YOUR OBJECTIVE:
Give back the whole listing verbatim, printing none of its pictures.

GIVEN DATA:
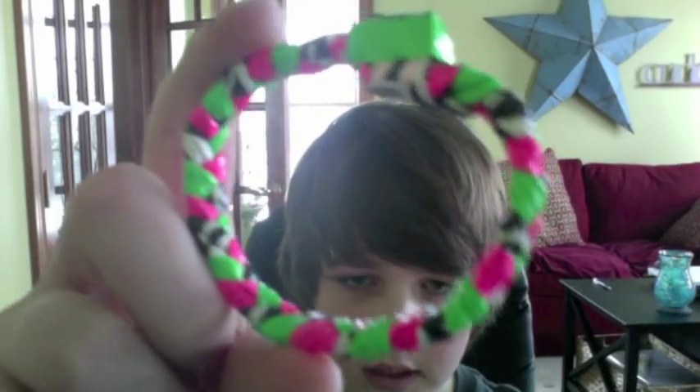They're pretty similar. One's 8 inches and this one's 7 inches. This one is for my friend — she wanted zebra pink and green, and the clasp is green. It's pretty tight so it won't pull out.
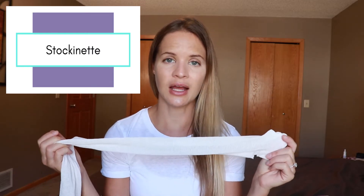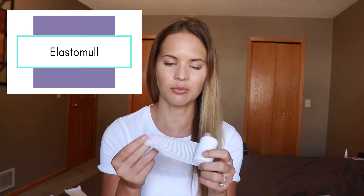The first thing I'm going to be using is stockinette, which will be used as a liner that goes against the skin. For the hands, we'll use elastomal, which comes in a two-inch width roll. You can fold it in half and roll it back up to create a one-inch double-layered roll. That gives a little bit better compression to the fingers and is more comfortable and easier to use.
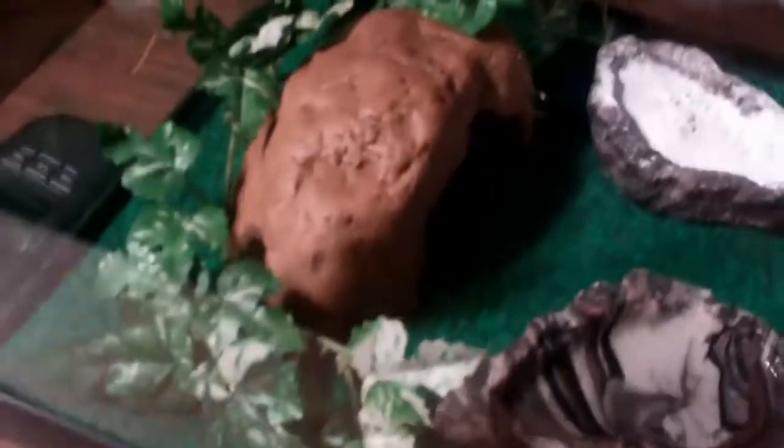Then you're going to need things for them to climb on — they like climbing. I have some fake ivy and a little bitty rock right there.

SOLUTION TO THIS EXERCISE:
They're pretty similar. One's 8 inches and this one's 7 inches. This one is for my friend — she wanted zebra pink and green, and the clasp is green. It's pretty tight so it won't pull out.
The first thing I'm going to be using is stockinette, which will be used as a liner that goes against the skin. For the hands, we'll use elastomal, which comes in a two-inch width roll. You can fold it in half and roll it back up to create a one-inch double-layered roll. That gives a little bit better compression to the fingers and is more comfortable and easier to use.
Then you're going to need things for them to climb on — they like climbing. I have some fake ivy and a little bitty rock right there.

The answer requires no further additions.